Altre contrapposizioni sono state innescate nel corso dell’infinita discussione sul sistema pensionistico. Anche qui i tagli, i ridimensionamenti, previsti per chi potrebbe andare in pensione fra qualche anno, erano accompagnati dalla litania sul fatto che stanno molto peggio quelli che entrano ora nel lavoro o nei lavori e hanno di fronte una prospettiva drammatica, per quanto riguarda le loro future pensioni. Come se togliendo ai primi, i secondi fossero matematicamente favoriti.

C’è anche però chi si muove per impedire queste spaccature sociali. E’ il sindacato. Un’organizzazione in particolare, lo Spi Cgil e la sua rivista “Libera Età”, hanno deciso di studiare iniziative giornalistiche per favorire proprio un dialogo, un colloquio tra giovani e anziani. La segretaria generale Betty Leone in un’intervista alla rivista, curata dal direttore Giorgio Nardinocchi, ha sottolineato il fatto che nelle ultime manifestazioni, come quella del sei dicembre, si sono visti davvero tanti giovani. Una novità. “I giovani d’oggi hanno recuperato”, dice la Leone, “la voglia di giustizia sociale che si era persa nella generazione precedente…Noi non possiamo deludere l’idea che si possa ancora lavorare per una società più giusta. Loro si sentono cittadini del mondo. E sono convinti che le regole dell’economia non siano così strette e che si debba ragionare di giustizia anche internazionale». E’ una specie di braccio teso anche ai ragazzi dei movimenti, ai New Global, per vincere incomprensioni reciproche, per capirsi meglio. “Noi abbiamo trasmesso loro i nostri valori, loro ci possono insegnare con quali occhi guardare alla modernità senza perdere i nostri ideali. Ecco, sarebbe bello invertire il lavoro che abbiamo fatto in questi anni e chiedere ai giovani d’insegnarci a ragionare un po’ con la loro testa, come noi chiediamo loro di non cancellare la nostra memoria».

Festa Vodafone? No, tu no

 Sei interinale e quindi niente party. Potrebbe essere la battuta buona per ricalcare una vecchia pubblicità. Nasce da una decisione della Vodafone Italia. Ha organizzato, proprio per questo lunedì, una maxifesta. Per i romani, il luogo del ritrovo è il Paleur. Qui arriveranno anche dai call center d’altre città, come quelli in charter da Pisa.  Tutti in ogni modo collegati via satellite con Padova, Milano e Napoli. Assicurata la presenza di personaggi d’eccezione come i cantanti Claudio Baglioni e Biagio Antonacci. Un clima di “fidelizzazione” come dicono i sociologi, da grande famiglia unita, insomma. Esistono però, come sempre, anche i parenti poveri, quelli che rimangono sulla soglia a guardare le vetrine illuminate.
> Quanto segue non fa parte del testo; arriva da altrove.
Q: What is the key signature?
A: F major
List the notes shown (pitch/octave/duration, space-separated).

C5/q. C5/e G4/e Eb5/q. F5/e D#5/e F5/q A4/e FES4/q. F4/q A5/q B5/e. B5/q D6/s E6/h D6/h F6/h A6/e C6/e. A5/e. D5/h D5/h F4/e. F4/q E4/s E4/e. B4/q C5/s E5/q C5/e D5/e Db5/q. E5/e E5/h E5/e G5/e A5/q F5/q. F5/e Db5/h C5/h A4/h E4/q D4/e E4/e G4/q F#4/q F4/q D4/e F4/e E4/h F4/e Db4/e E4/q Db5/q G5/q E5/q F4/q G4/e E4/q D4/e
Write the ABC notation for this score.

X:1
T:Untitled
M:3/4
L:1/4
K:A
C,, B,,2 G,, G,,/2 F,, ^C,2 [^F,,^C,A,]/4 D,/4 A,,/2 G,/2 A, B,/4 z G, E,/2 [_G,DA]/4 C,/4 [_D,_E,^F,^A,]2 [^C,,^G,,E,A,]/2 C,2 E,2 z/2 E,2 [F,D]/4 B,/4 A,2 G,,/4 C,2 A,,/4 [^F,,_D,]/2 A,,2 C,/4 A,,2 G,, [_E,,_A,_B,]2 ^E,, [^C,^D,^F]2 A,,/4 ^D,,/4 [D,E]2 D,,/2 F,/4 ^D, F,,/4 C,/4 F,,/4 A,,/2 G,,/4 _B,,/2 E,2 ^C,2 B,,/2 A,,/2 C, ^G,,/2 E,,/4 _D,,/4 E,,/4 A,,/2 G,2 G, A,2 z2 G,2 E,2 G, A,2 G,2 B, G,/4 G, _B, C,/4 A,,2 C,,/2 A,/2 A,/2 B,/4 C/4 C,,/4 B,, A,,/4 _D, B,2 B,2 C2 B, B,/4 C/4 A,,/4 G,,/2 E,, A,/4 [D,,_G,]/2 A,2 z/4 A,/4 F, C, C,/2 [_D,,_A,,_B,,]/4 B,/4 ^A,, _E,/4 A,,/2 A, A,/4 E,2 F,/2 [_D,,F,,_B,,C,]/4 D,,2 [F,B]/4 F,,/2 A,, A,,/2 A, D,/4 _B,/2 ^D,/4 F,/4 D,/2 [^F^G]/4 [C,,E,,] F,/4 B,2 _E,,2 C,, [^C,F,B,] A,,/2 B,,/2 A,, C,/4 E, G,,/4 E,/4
Sono gli interinali. Un esercito nutrito disseminati negli otto Call Center sparsi sulla penisola. Gente che gode di contratti rinnovabili di due mesi in due mesi, ma anche per quindici giorni. Peggio delle domestiche, pardon delle collaboratrici domestiche.  Loro che pure sono parecchie centinaia in tutto il gruppo alla festa non potranno partecipare. L’invito, infatti, specifica con linguaggio manageriale: “Due indicazioni fondamentali per tutti: la festa è dedicata solo alle persone assunte da Vodafone Italia, sia a tempo indeterminato che determinato. Per accedere alla festa sarà necessario presentare il proprio badge”. Questo “badge” è una specie di tessera aziendale non rilasciata ai poveri interinali, figli di nessuno.  E così non potranno aderire allo scambio d’auguri. Non potranno ricordare insieme “gli importanti traguardi che abbiamo raggiunto con il nostro lavoro”, non potranno divertirsi “con musica, cibo, spettacolo, discoteca”. Non potranno essere, come si legge sempre nell’invito, protagonisti della festa, così come lo sono “della vita e dei successi di Vodafone”, cui pure hanno contribuito e contribuiscono ogni giorno.

Un vero peccato. Nel frattempo i dipendenti Vodafone reduci da scioperi e trattative serrate stanno facendo i conti. Qualcuno sostiene che un'altra festa simile, quattro anni, fa costò 60 miliardi di vecchie lire. I costi saranno senz’altro cresciuti. Magari al posto del SuperParty si potevano assumere un po’ d’interinali. Magari si poteva rimediare a quella ingiustizia derivante dal passaggio dei dipendenti dal contratto metalmeccanico a quello delle telecomunicazioni.  Per cui ora i nuovi assunti percepiranno 25 Euro di meno il mese, rispetto ai precedenti assunti. Magari si poteva alleviare ancor più la crescente flessibilità derivante dall’articolo 26 del nuovo contratto. Una norma per cui se prima, una volta assegnato un turno di lavoro, rimaneva quello, ora te lo possono cambiare con sole 48 ore d’anticipo. Una piccola regola che ti può rovinare un programma di vita, scardinando gli orari. Anche se la battaglia sindacale sulla “armonizzazione” ha limitato l’adozione della norma a casi eccezionali.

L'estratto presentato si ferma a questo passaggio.